While ICMP ping measures round-trip time for simple echo requests/replies, TCP ping specifically measures:

  • SYN packet transmission time
  • SYN-ACK response time
  • Final ACK completion time

This makes TCP ping particularly useful for measuring service availability and latency for actual TCP-based applications.

TCP traceroute works by sending TCP SYN packets with increasing TTL values, similar to how traditional traceroute operates but using TCP instead of ICMP or UDP.

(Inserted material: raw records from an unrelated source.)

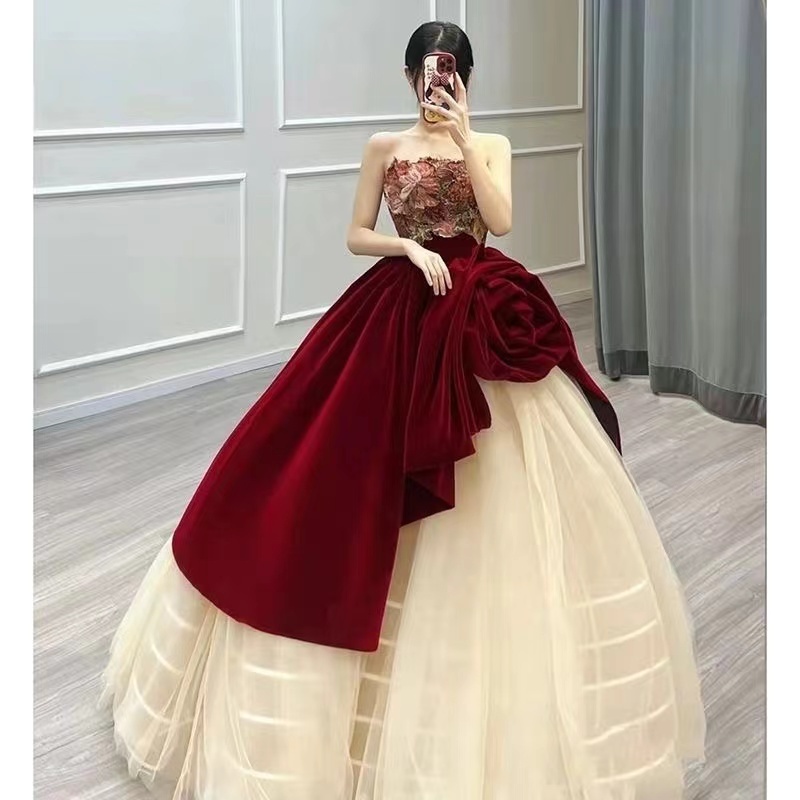 酒紅色玫瑰騎士吐司新娘高檔婚紗花抹胸連衣裙輕奢小眾高檔婚紗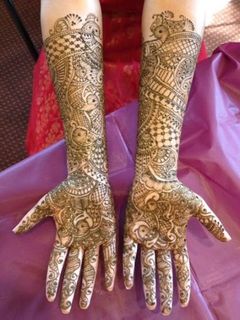 As a finalist in our annual mehndi contest, this super talented artist brings us her best designs!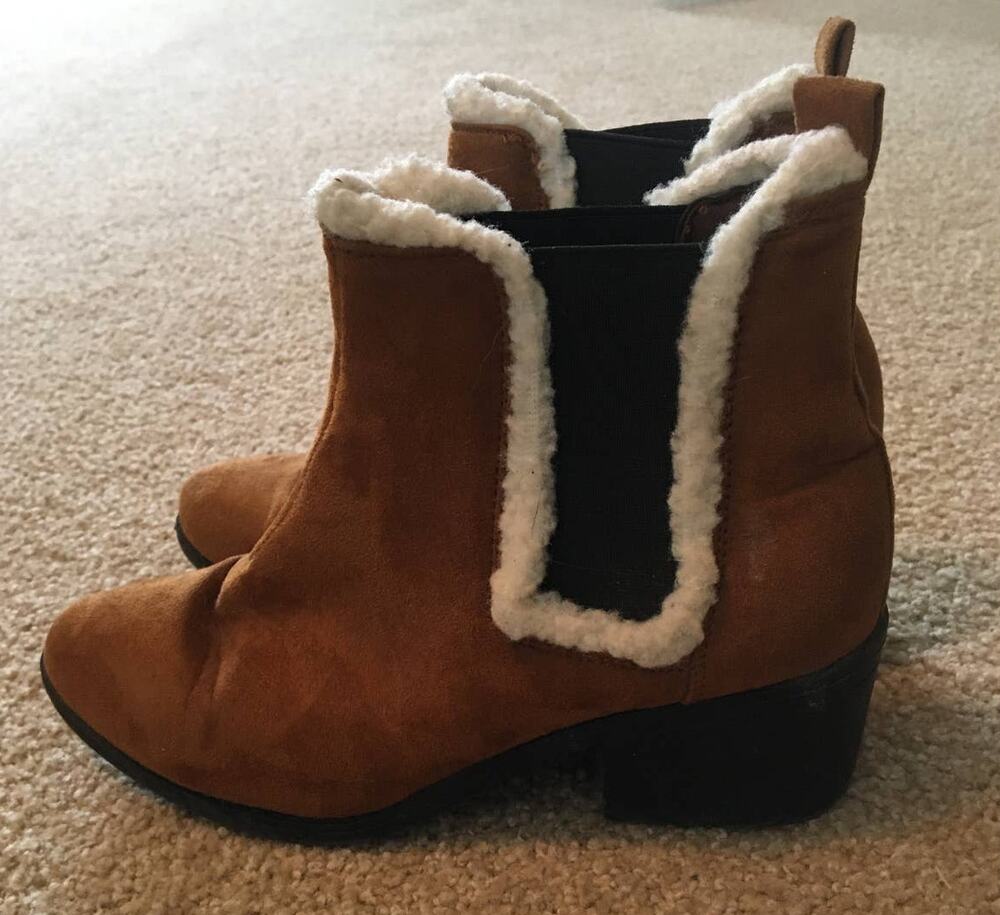 Warm and Cute Modern Rush Size 7 Pull On Bootie With 2' heel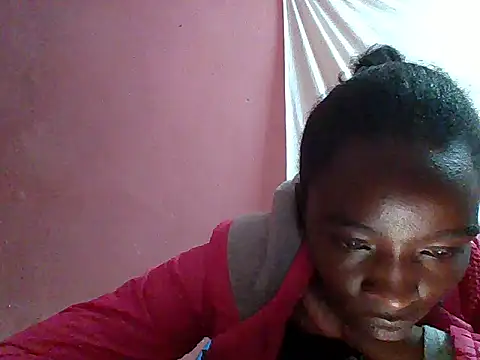 LunaGlower online show from August 6, 2026, 3:25 pm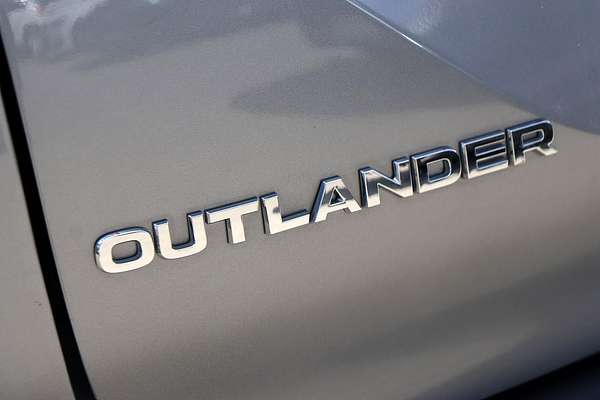 2023 Mitsubishi Outlander ES ZM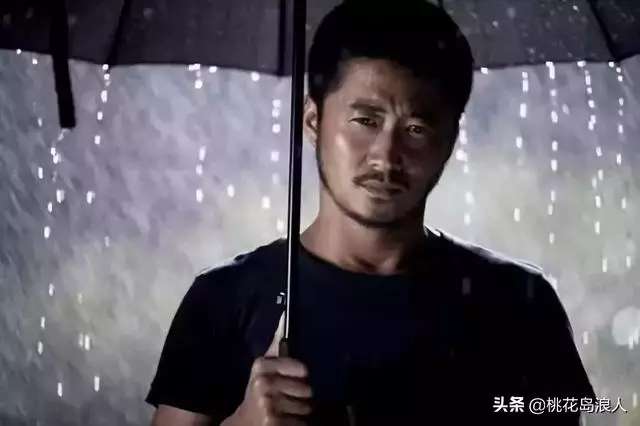 他是李連杰師弟,12歲拿冠軍,14歲癱瘓,43歲締造50億票房神話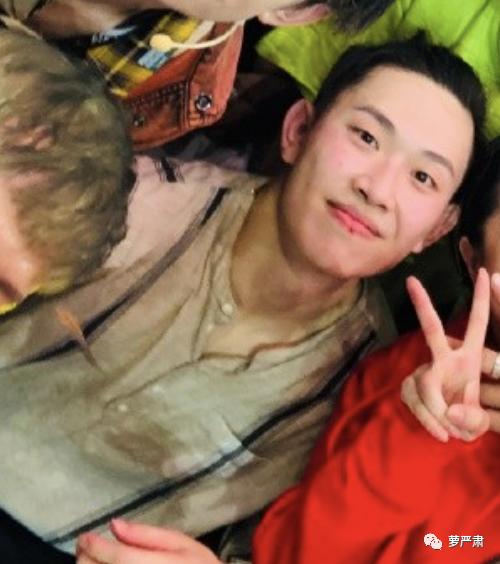 易烊千玺和周冬雨私下关系好吗,易烊千玺和周冬雨关系好吗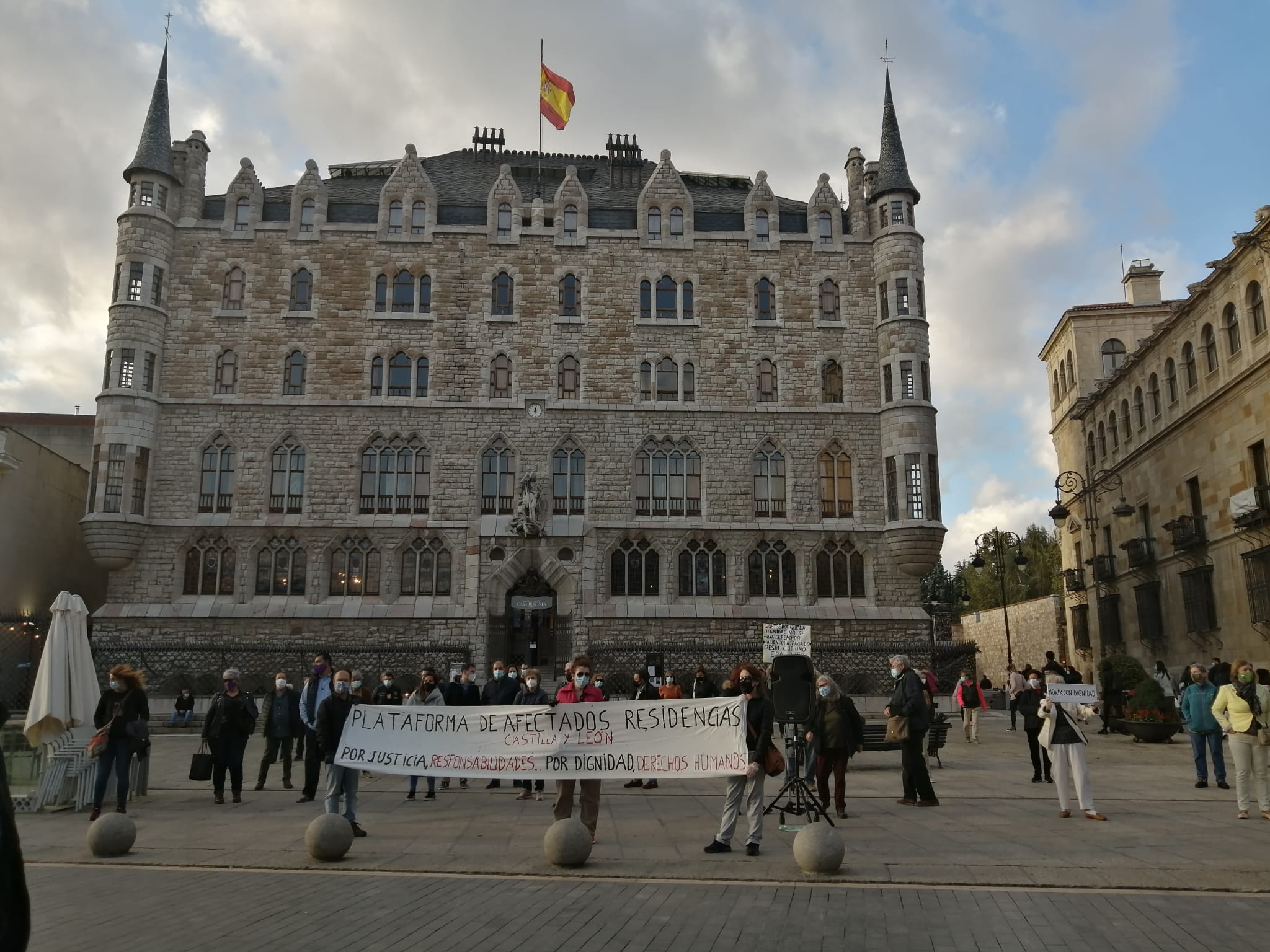 Una de las pancartas que pudieron verse en la tarde del domingo.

# Linux command for TCP traceroute
traceroute -T -p 80 example.com
# Windows equivalent (using PowerShell)
Test-NetConnection example.com -TraceRoute -Port 80

Unlike ICMP ping where you can explicitly set packet size (e.g., ping -s 1000 example.com), TCP ping doesn't directly allow packet size specification since:

  • TCP handshake packets have fixed sizes
  • Data transmission only occurs after connection establishment

However, you can simulate size testing by sending data after connection:

# Python example with data transmission
def tcp_ping_with_size(host, port=80, size=1024, timeout=2):
    try:
        data = b'X' * size
        start = time.time()
        s = socket.socket(socket.AF_INET, socket.SOCK_STREAM)
        s.settimeout(timeout)
        s.connect((host, port))
        s.sendall(data)
        s.close()
        return (time.time() - start) * 1000
    except Exception as e:
        return None

TCP ping/traceroute is particularly valuable when:

  • ICMP is blocked by firewalls
  • Testing specific service availability (HTTP, HTTPS, etc.)
  • Measuring real-world application performance rather than network layer metrics
  • Troubleshooting NAT or firewall issues

The main limitation is that it requires an open TCP port to test against, unlike ICMP which works at the network layer.